| WHAT THE EXERCISE ASKS |
Give back every entry exactly as it is written, but not the pictures.

| DATA LISTING |
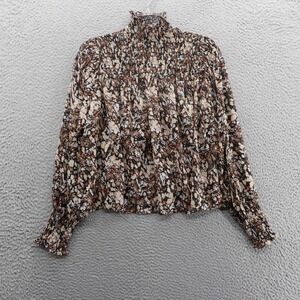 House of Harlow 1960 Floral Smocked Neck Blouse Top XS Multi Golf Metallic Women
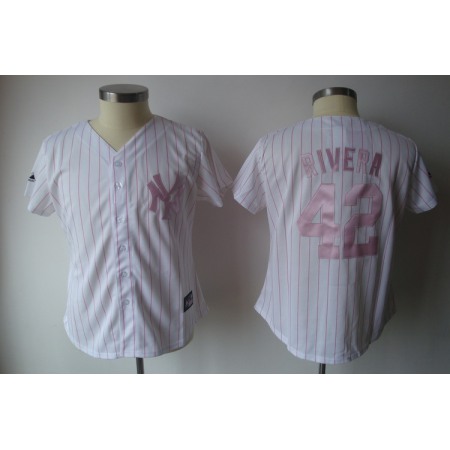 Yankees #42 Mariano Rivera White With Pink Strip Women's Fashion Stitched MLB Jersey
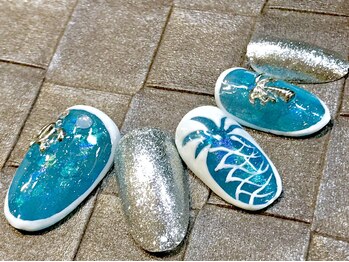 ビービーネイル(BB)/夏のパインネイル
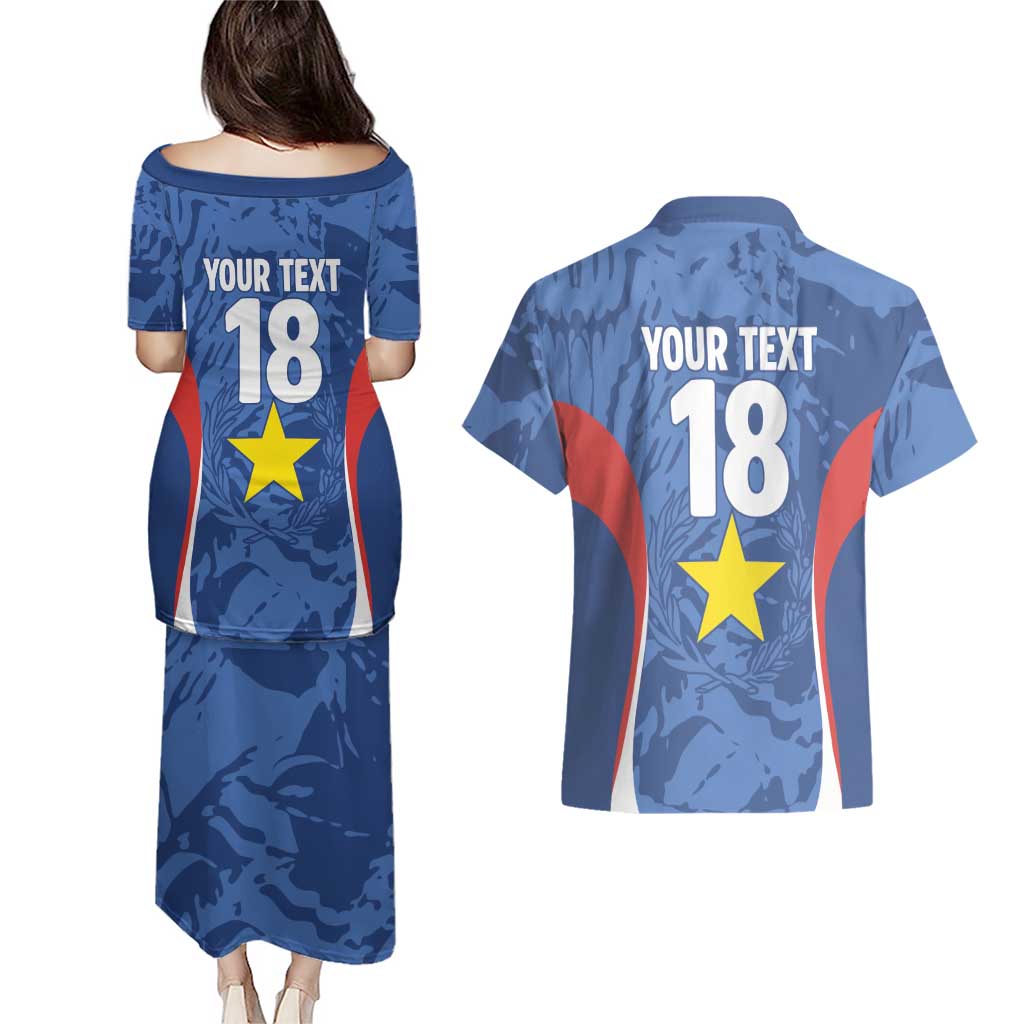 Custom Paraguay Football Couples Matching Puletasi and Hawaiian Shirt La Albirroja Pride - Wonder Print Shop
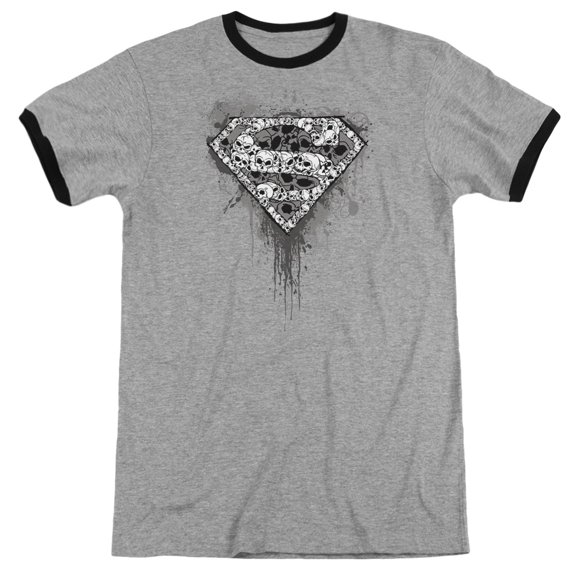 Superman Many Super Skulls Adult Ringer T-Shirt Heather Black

| RESPONSE BOX |
 House of Harlow 1960 Floral Smocked Neck Blouse Top XS Multi Golf Metallic Women
 Yankees #42 Mariano Rivera White With Pink Strip Women's Fashion Stitched MLB Jersey
 ビービーネイル(BB)/夏のパインネイル
 Custom Paraguay Football Couples Matching Puletasi and Hawaiian Shirt La Albirroja Pride - Wonder Print Shop
 Superman Many Super Skulls Adult Ringer T-Shirt Heather Black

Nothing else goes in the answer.